After reviewing the Great Gray Owl shots Deb & I were able to capture in Ottawa a couple of weeks ago, I found a few more that were perhaps nice enough to post.
Although the Great Gray Owl is exceeded in weight by a number of other owls, its large head and long tail help it to be the largest and tallest Owl known in the world. Female adults are almost three feet in length with a wing span of five feet. The average female weighs three pounds although Great Grays have been found as heavy as four pounds.
With their wings outstretched you get a glimpse of just how large these owls are.
In order to become a better photographer, one has to become their own best, or worst, critic as well as being open to critique from others. It’s the only way we can learn to improve our skills, not only in terms of camera settings and technique but how to think about what a shot is going to look like even before you take it. Although taking pictures of wild birds and animals is difficult and quite spontaneous, you can always make sure you position yourself so the lighting is optimized and many of the elements in the frame (i.e., perch and back ground) are such that they enhance, as oppose to detract from, the resulting image. So lets critique the above image (feel free to leave a comment if you wish); for me technically the face is too soft (a nice way of saying out of focus) and compositionally the perch obstructs and casts a shadow on the owl and the back ground is too close to the bird causing the birds to be ‘lost’ in the back ground. Otherwise, I like the wing position and it’s always a treat to be so close to a Great Gray Owl.
Regarding technique, the soft face was simply because I missed focusing on the eye. The depth of field for this image was about 2m, unfortunately that 2m started just behind the owls face! In order to minimize the compositional challenges in this shot, I reduced the saturation of the back ground about thirty percent using Viveza 2, a NIK Software plug-in for Photoshop as well as using Color Efex Pro 4 to adjust the contrast and colour of the owl. Finally a vignette was added to darken the back ground (using a solid color layer in Photoshop). These were done to try to get some separation between the bird and its background. Another option would have been to blur the back ground, however I chose not to do so as it would have produced an un-natural ‘Photoshopped’ look. Sounds ironic, but virtually all digital images are processed (often heavily) yet the goal is to have a Photoshopped image that doesn’t look Photoshopped!

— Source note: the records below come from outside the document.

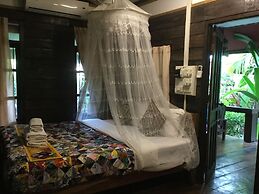 Champa Lao The Villa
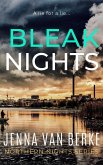 Bleak Nights (Northern Nights Series, #3) (eBook, ePUB)
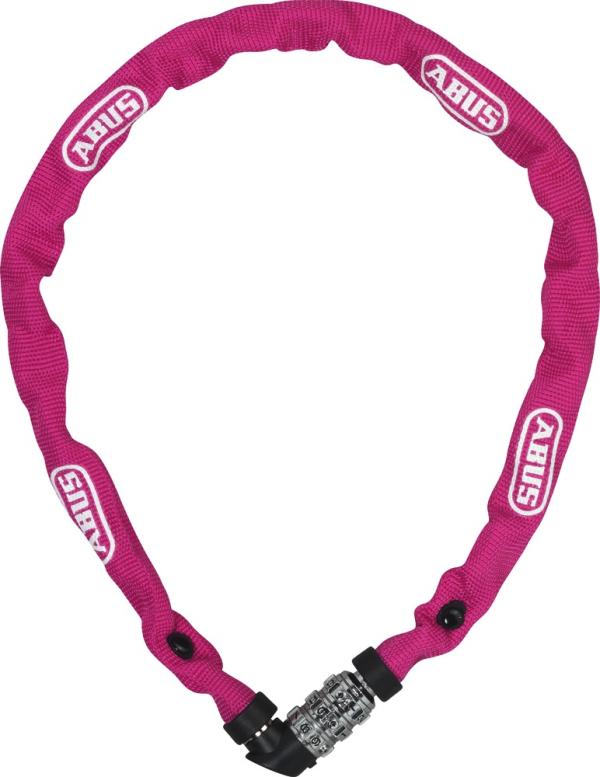 ABUS 1200/60 web coral pink pink  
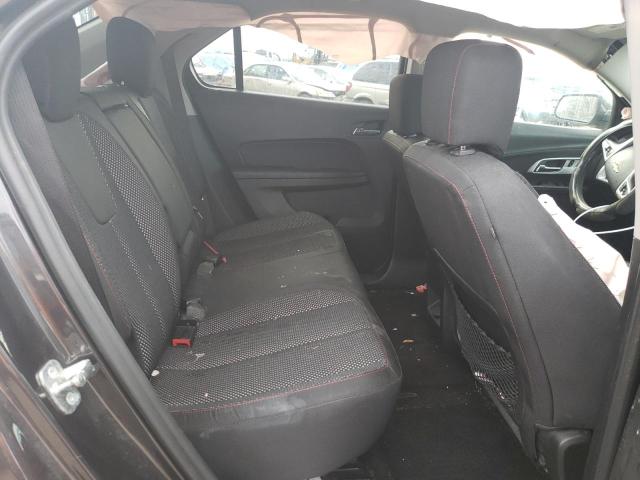 Photo 11 from auction – 2015 CHEVROLET EQUINOX LT with VIN 1GNFLFEK6FZ145831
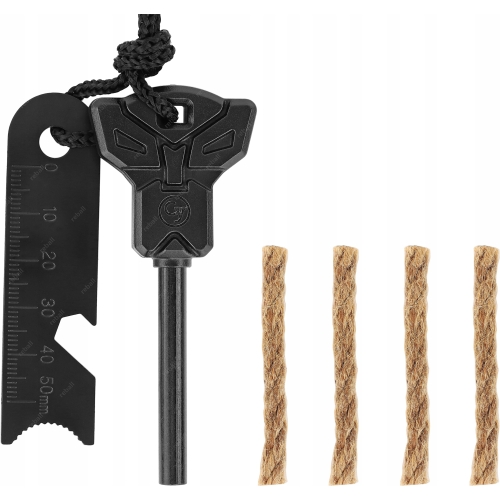 XXXL WOJSKOWY SURVIVALOWY ZESTAW PRZEŻYCIA PRZETRWANIA KIT NARZĘDZI RT0287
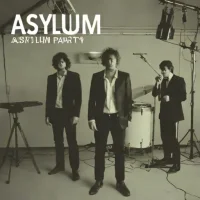 Asylum Party - Picture One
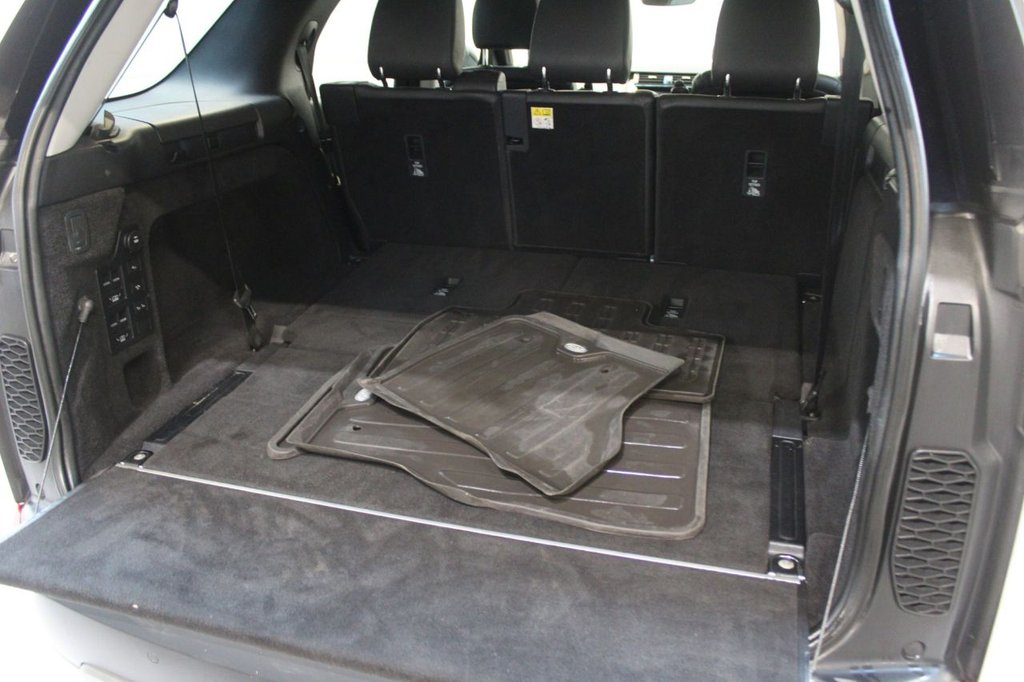 Used Land Rover Discovery 2017 for sale - 77608670: Photo 17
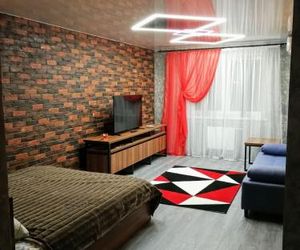 Apartmens McDonald Vitebsk Belarus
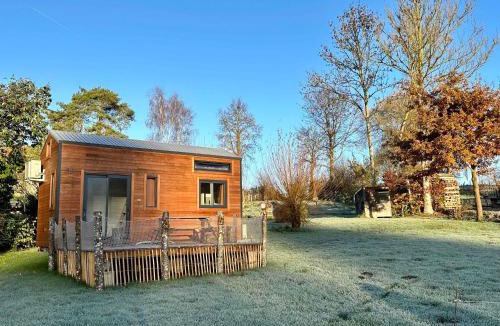 La Madeleine-Bouvet Other | Joy Tiny House Perche
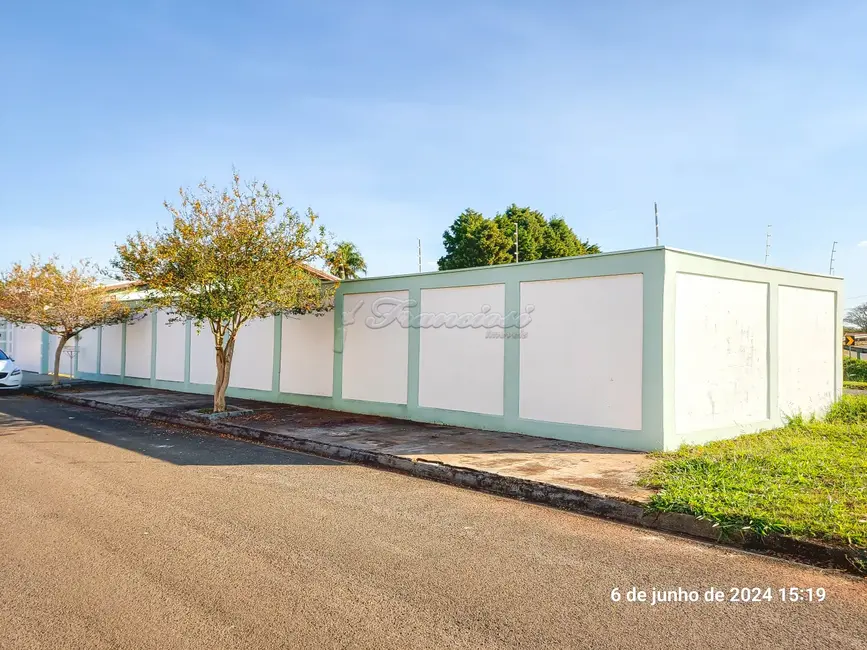 Foto 2 de Fazenda / Haras para alugar, 380m2 em Itapetininga - SP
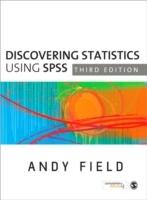 Discovering statistics using SPSS : (and sex and drugs and rock 'n' roll)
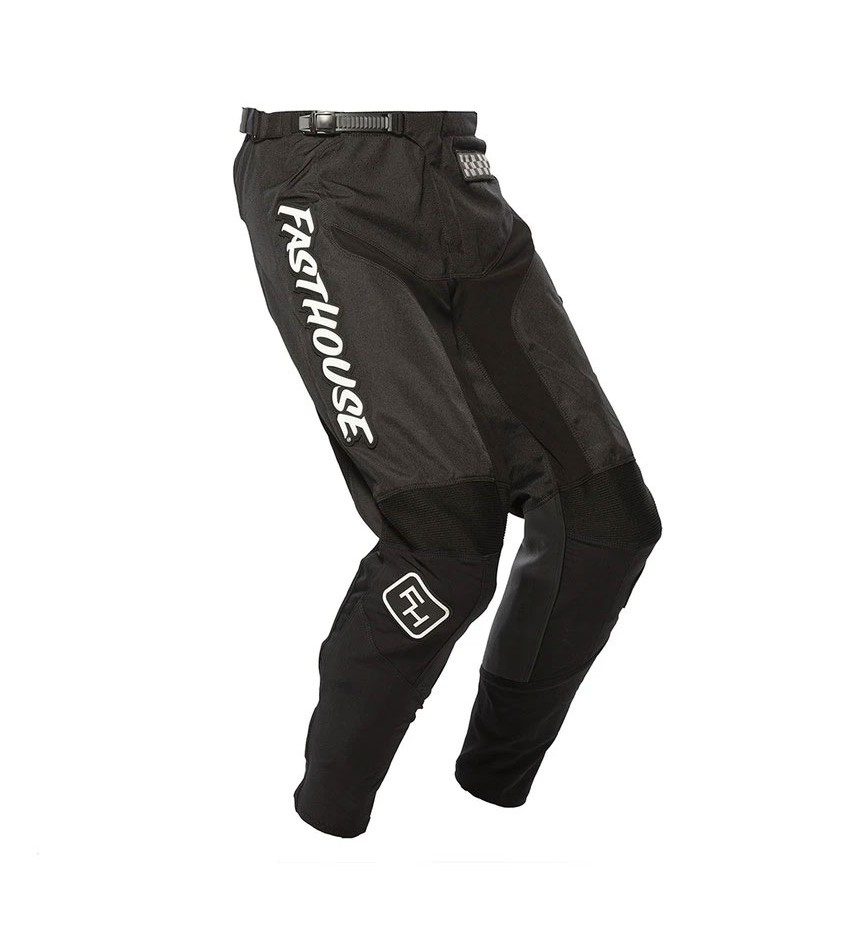 Carbon Pant - Black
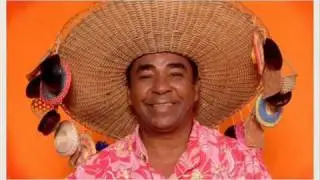 PINDUCA - A DANÇA DO CARIMBÓ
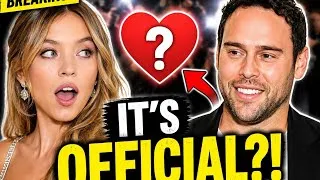 Thumbnail: Sydney Sweeney & Scooter Braun FINALLY Go Public?! 😳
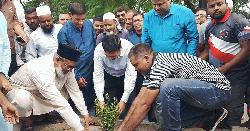 আধুনিক পরিচ্ছন্ন নগরায়ন গড়তে পাবনা পৌরসভার নানা উদ্যোগ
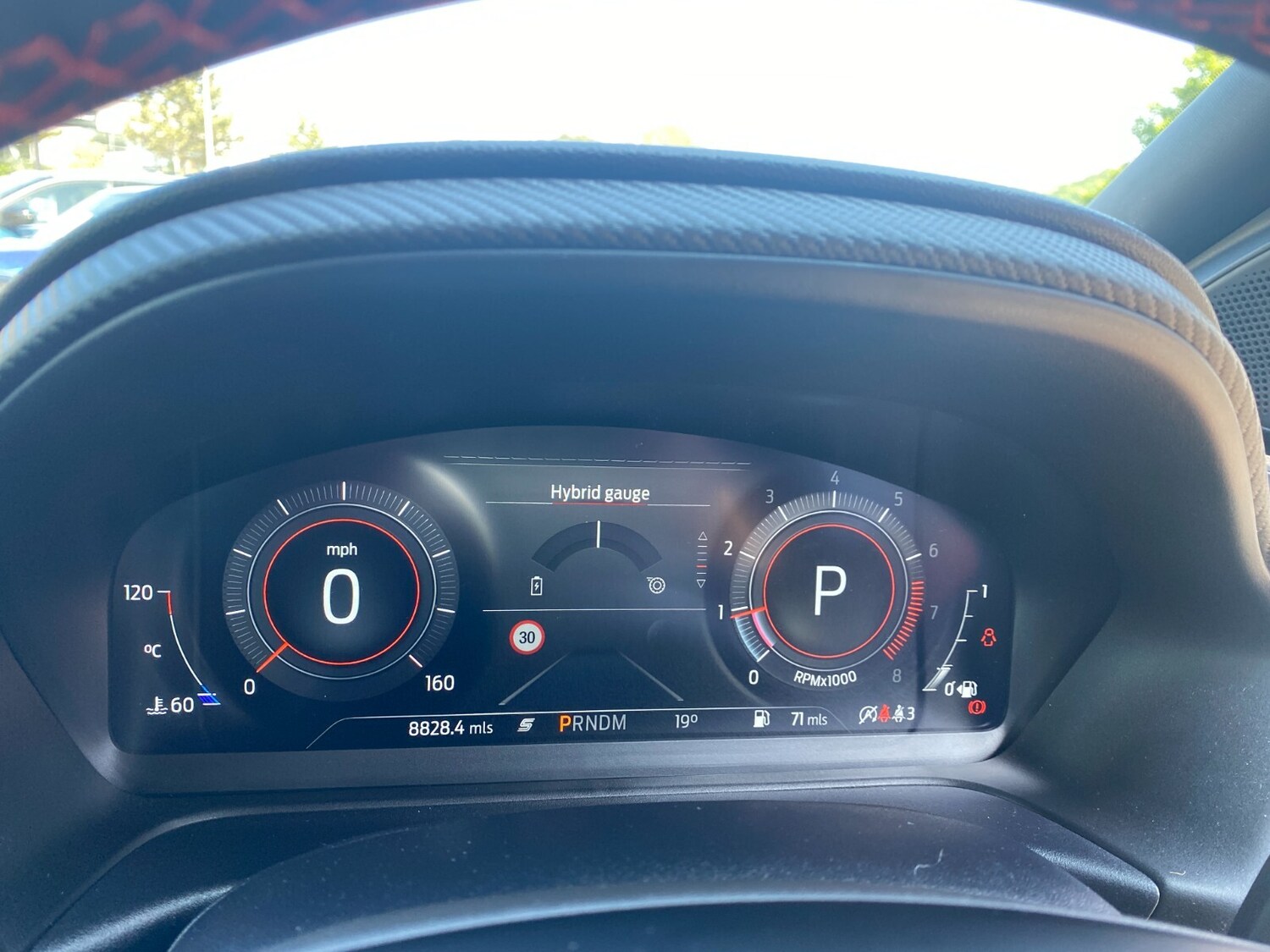 Used Ford Puma 2023 for sale - 76276755: Photo 30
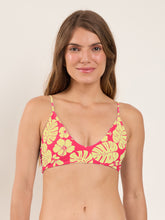 Carregar imagem no visualizador da galeria, Gallery: Wednesday In Hawaii By Rio De Sol Soutien Top Pua-Guava Hana

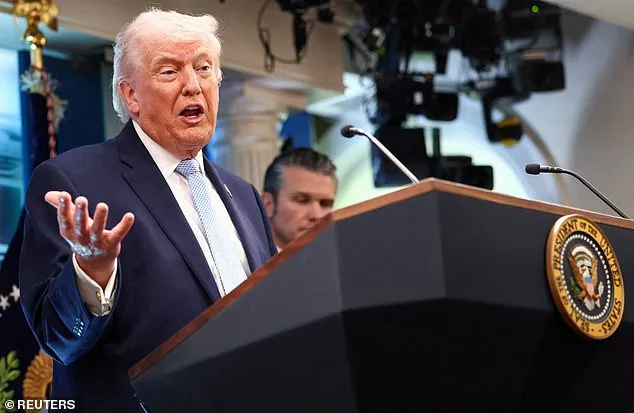 Trump's Approval Rating Plunges to 43% Amid Iran War and Inflation, Second-Lowest in Second Term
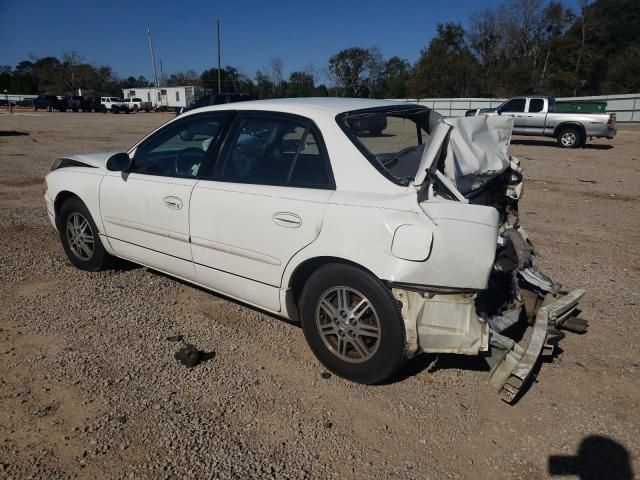 2003 Buick Regal LS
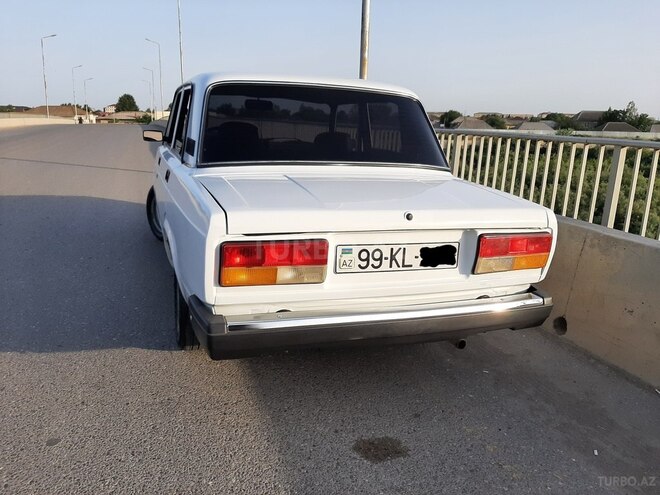 LADA (VAZ) 2109 2009, 117,000 km - 1.6 l - Bakı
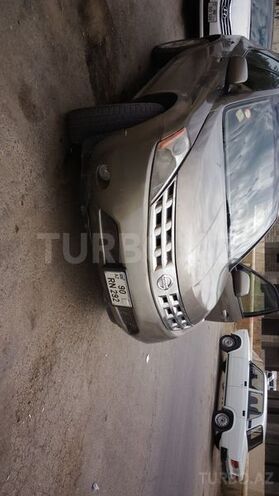 Nissan Murano 2005, 142,000 km - 0.4 l - Bakı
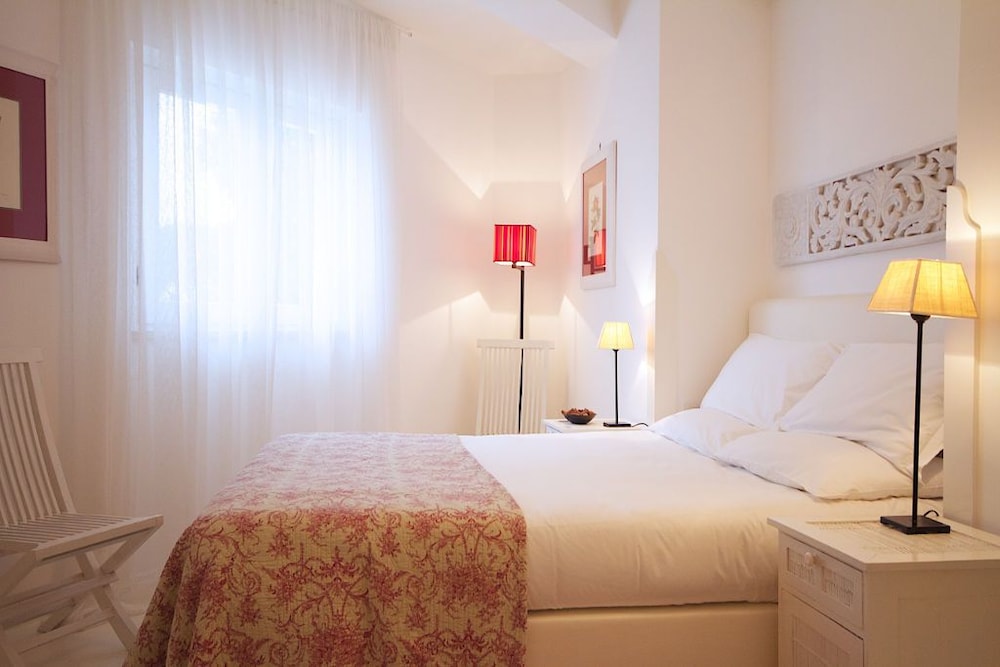 Il San Francesco Charming Hotel 17/63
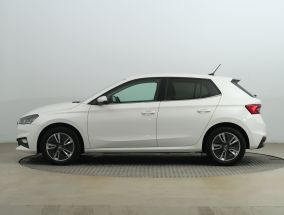 Skoda Fabia - 2024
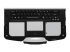 Panasonic Toughbook 40 - Close up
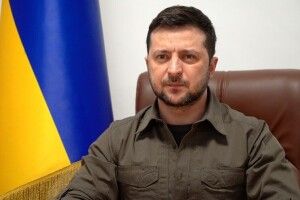 Майже вся Харківська область деокупована – Зеленський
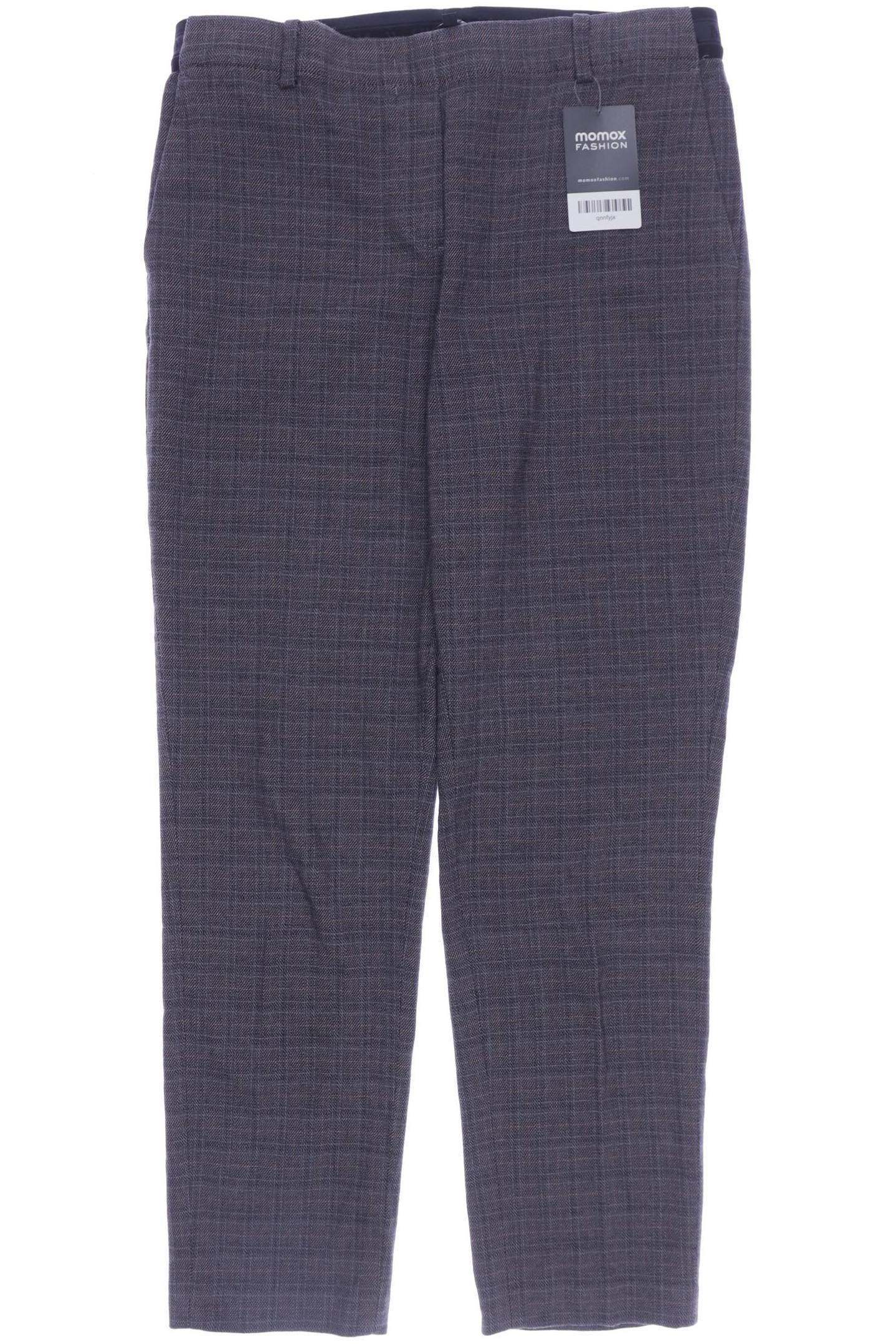 

Marc O Polo Damen Stoffhose, grau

This next image is included simply for our discussion on critique and as an example of a common occurrence in wildlife photography……what could have been a ‘keeper’ but is ruined by an uncontrolled factor, in this case the owl flew into a deep shadow.
A lot of time was spent in post processing trying to get some detail out of the shadows and add enough contrast, colour and saturation to make the image ‘acceptable’ however it still doesn’t quite work as a great image. In this image the canvas was increased significantly, the back ground cleaned up a dark gradient added to the top half of the frame. We need to learn that its important to take great measures to get the shot right in the camera because no amount of time and skill in post processing can turn an average image into a good one. Photoshop doesn’t rescue anything from the recycle bin, yet we often spend way too much valuable time trying!
This last shot is simply out of the camera with no processing other than cropping and an automated Photoshop action preparing it for posting on the web.
It’s a really busy back ground and won’t end up in a frame anywhere but it does capture the majestic wingspan of a Great Gray Owl and for some reason, purely subjective, I just like it….and that’s the beauty of photography….always strive to get better in every detail, whether it be technical or compositional, but in the end all that really matters is that you simply enjoy the picture!
The three images above were all taken with a Canon 1D Mk III and EF 70-200 f/2.8 L IS lens in -17°C temperatures!